The KLR has an automatic decompressor built into the exhaust cam, so a regular compression test doesn't work very well. So I bought a cheapie Harbor Freight leakdown tester.
Set the piston at top dead center on the compression stroke, hook up the leakdown tester, and pressurize the piston. You get a readout of what % of the air is escaping. If you are losing much, the next thing is to determine where it is going..
In order to tell where it's going, you have to listen/feel (or I've read to strap a rubber glove over the openings). If the air is coming out of the exhaust port, you have an exhaust valve problem, out of the intake port (carburetor), you have an intake valve problem. Mine was all coming out of the oil fill hole, which means I am leaking past the piston.

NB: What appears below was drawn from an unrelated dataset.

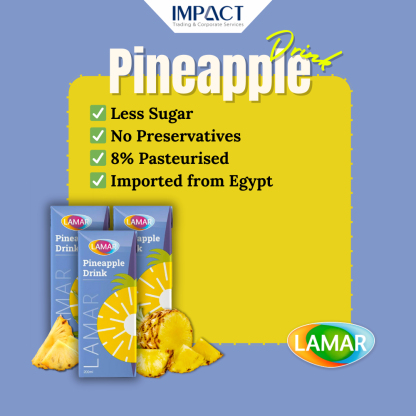LAMAR Juice 100% Natural & Premium Drink [ 200ml X 3 pcs ] No Preservatives imported from Egypt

Turns out the rings were stuck in the grooves on the piston and were not able to expand, therefore not sealing. Unfortunately the cylinder doesn't have any crosshatching and needs to be cleaned up prior to trying to reseat rings. Since I'm in there and need a head and base gasket anyway, I have ordered a full set of rings, exhaust header copper gasket, and a ball hone to clean up the cylinder. There is no damage, just need to cross hatch it again.
Also - I have a simple rubber cap on the airbox drain now. If I need to drain it, I will just pull the cap off. I don't need the convenience of an easily accessible hose hanging under the bike.
My guess is that I had a lot of buildup on the piston/rings from sucking dirt in, and when a little water was ingested, it got loosened up and wedged into the ring grooves on the piston, sticking the rings in place. It's probably not a bad thing that we couldn't get it started- eventually it would've done damage to the cylinder, piston, or both.